Dünya yerinden oynuyor

2026’ya doğru ilerlerken dünya eko­nomisini esastan değiştirecek birçok konu var gündemimizde. Sadece 2026’da değil, muhtemelen önümüzdeki 10 yılda da bu konularla çokça ilgileneceğiz. Bu yazıda kendimce önemli gördüğüm, hem dünyayı hem Türkiye’yi ilgilendiren o konuları sıralamak istiyorum.

1-Dünya üretiminin Doğu’ya doğru kaymaya devam etmesi, Çin’in ve Hindistan’ın önlenemez yükselişi,

2-Birçok ülkede nüfusun yaşlanması ve buna paralel işgücünde azalma,

3-Yapay zekâ başta olmak üzere tekno­lojik değişimin hızındaki artış ve iş modellerini kökten değiştirmesi,

4-Enerji ihtiyacındaki artış, enerji üre­tim kompozisyonundaki değişim.

5-Tedarik zinciri yapısındaki değişim ve korumacılık önlemleri,

6-İklim değişikliği ve çevresel sorunlar

7- Jeopolitik gerginlikler, bölgesel ve küresek çatışmalar.

Aslında yukarıda saydığım maddele­rin birçoğu birbiriyle iç içe. Karşılık­lı bir neden sonuç ilişkisi var. Örneğin yapay zekâ gelişimi yüksek enerji tüke­timi gerektiriyor, bu enerjinin üretile­bilmesi için yeni enerji üretim teknolo­jilerine ihtiyaç var. Bu teknolojileri ve kaynakları elinde bulunduran ülkeler ön plana çıkıyor. Diğer taraftan enerji üretiminde fosil yakıtların kullanılma­sı iklim değişikliği üstünde olumsuz et­ki yapıyor ve buna ilişkin önlemler alın­ması konusunda ülkeler arasında anlaş­mazlıklar çıkıyor gibi…

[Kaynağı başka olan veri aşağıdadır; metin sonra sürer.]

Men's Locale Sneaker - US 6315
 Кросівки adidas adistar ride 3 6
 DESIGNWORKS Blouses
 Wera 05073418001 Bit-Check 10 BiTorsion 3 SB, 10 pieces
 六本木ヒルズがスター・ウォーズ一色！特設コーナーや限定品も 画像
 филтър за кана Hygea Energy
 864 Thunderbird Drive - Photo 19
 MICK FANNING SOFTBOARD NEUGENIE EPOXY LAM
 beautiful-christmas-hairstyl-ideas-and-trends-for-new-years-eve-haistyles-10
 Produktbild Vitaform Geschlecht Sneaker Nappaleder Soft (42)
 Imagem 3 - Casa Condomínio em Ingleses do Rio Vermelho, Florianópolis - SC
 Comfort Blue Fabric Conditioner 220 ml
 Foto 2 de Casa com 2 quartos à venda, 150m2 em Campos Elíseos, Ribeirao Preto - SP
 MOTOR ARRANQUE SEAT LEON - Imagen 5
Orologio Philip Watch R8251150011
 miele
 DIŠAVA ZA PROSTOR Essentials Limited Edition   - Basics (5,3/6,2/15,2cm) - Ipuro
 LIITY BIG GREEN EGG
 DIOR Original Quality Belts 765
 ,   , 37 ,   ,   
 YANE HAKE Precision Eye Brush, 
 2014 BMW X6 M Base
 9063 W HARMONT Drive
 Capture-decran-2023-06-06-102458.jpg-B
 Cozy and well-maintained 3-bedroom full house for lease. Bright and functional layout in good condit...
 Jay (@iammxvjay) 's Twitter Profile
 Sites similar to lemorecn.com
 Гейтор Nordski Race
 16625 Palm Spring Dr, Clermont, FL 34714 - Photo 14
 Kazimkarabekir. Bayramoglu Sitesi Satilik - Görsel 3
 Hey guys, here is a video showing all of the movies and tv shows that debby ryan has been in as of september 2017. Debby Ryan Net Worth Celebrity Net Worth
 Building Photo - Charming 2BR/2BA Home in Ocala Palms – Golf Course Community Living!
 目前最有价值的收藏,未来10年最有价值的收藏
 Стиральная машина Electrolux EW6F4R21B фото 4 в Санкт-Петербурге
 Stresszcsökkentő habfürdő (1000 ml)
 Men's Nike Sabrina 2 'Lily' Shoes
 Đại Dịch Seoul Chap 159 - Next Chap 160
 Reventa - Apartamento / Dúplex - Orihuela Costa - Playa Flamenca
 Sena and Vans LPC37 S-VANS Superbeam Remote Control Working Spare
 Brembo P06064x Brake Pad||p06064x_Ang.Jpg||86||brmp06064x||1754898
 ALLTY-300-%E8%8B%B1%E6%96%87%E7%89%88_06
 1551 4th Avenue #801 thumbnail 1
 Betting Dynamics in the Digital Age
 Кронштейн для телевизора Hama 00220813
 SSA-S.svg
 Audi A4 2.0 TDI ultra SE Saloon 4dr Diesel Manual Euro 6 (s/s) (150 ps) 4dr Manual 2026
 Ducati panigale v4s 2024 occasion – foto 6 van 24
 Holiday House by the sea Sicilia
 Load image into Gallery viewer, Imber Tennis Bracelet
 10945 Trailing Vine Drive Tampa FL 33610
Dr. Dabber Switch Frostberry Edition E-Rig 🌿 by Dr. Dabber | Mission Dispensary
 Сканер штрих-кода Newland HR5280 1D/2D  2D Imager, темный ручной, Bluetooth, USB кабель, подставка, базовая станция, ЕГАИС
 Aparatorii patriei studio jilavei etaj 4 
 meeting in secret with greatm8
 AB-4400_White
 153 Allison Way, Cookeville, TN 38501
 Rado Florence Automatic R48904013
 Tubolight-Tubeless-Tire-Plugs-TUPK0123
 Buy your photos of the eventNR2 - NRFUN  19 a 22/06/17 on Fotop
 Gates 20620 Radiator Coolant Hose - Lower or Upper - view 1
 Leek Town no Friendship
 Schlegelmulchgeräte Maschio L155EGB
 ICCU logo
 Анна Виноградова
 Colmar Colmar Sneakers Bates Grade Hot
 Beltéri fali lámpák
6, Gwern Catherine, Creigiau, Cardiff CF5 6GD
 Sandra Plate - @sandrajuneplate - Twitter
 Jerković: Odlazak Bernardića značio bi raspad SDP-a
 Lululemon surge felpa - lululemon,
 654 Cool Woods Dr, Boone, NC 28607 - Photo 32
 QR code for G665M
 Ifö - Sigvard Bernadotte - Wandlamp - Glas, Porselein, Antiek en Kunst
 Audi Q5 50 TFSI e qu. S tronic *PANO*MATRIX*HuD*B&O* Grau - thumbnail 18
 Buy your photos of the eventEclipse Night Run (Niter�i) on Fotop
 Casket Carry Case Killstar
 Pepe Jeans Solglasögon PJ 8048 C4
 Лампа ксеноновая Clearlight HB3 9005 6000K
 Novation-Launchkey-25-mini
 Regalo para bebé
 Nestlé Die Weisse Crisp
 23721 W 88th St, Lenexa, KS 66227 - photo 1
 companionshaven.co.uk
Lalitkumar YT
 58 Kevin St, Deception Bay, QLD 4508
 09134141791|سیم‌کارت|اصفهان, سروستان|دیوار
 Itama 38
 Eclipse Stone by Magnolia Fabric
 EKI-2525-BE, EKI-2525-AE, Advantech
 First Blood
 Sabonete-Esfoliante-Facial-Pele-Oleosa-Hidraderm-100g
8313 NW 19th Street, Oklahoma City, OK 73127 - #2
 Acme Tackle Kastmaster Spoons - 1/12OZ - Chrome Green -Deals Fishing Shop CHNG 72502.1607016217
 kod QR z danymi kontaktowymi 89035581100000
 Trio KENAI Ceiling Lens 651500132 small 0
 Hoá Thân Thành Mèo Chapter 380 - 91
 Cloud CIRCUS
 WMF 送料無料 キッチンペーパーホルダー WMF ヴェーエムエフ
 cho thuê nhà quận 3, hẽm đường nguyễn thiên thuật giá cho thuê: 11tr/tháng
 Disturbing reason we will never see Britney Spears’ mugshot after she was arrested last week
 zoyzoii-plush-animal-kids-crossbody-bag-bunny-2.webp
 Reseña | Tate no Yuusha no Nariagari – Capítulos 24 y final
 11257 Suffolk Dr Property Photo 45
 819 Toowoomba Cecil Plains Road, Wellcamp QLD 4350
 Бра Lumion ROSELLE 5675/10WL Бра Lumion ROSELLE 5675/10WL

Yaşlanan ülkelerin açmazları

Nüfustaki dönüşüm konusunda yete­ri kadar kafa yorulduğundan emin de­ğilim. Her ne kadar yapay zekâyla ve ro­botlaşmayla birlikte çalışanların yerini bazı sektörlerde makineler alacak olsa da hala işgücüne ihtiyacın devam etti­ği bir dünyada yaşıyoruz.

Fakat doğum oranlarındaki düşüş ve uzayan yaşam beklentisi ülkelerin giderek yaşlanma­sına neden oluyor. Bu da çalışanlar tara­fından bakılması gereken çok büyük bir grubun varlığı problemini beraberinde getiriyor. Bu problemi ülkelerin aşmala­rı için doğum oranlarını artırmaları ge­rekiyor fakat yapısal nedenlerle bu he­men gerçekleştirilebilir bir unsur değil.

Diğer bir alternatif de göç almak. Sonuç itibariyle her ülkede çalışan nüfus azal­mıyor, bazılarında da artıyor. Bu ülke­lerden işgücü transferi kaçınılmaz hale geliyor. Bu durum farklı geçmişlerden ve sosyoekonomik statüden gelen in­sanların bir arada yaşamasını mecbur kılıyor. Bu durum da grupların birbirle­rinden hoşnut olmamasını hatta ırkçı­lığı beraberinde getiriyor. Dünyada sağ eğilimli siyasi yapıların yükselişine de bu pencereden bakmak gerekiyor.

Yapay zekâ adil değil

Yapay zekâ konusu da hem ülkeler arası hem de bireyler arası eşitsizlik­leri artırmaya aday. Yapay zekâ ülkeler arasındaki gelişmiş farlılıklarını daha da artıracak önümüzdeki dönemde. Bu noktada ABD ve Çin, Avrupa’nın önün­deyken Avrupa da kendi içinde homo­jen etkilenmeyecek muhtemelen. Ya­pay zekânın adapte edilmesi sonrası zengin ülkeler emeğin üretkenliğini da­ha fazla artıracaklar. Çünkü yapay zekâ önceki devrimlerden farklı olarak nite­likli işgücünün yerini almaya aday. Da­ha fazla beyaz yakalının çalıştığı daha gelişmiş ülkelerde bu kişilerin yerine daha çok makineler kullanılacağından verimlilik artacak. Diğer taraftan bu ki­şiler zengin ülkelerde daha yüksek ma­aşlar aldığından şirketlerin bu kişilerin yerine yeni teknolojileri entegre etme­leri için motivasyonları daha yüksek.

Yukarıda saydığım her başlık ayrı bir yazıyı hak ediyor. Böyle büyük dönüşüm dönemleri doğru kullanıldığında aynı zamanda ülkeler için bir sıçrama imka­nı yaratır. Umarım biz de doğru kulla­nan ülkelerden oluruz.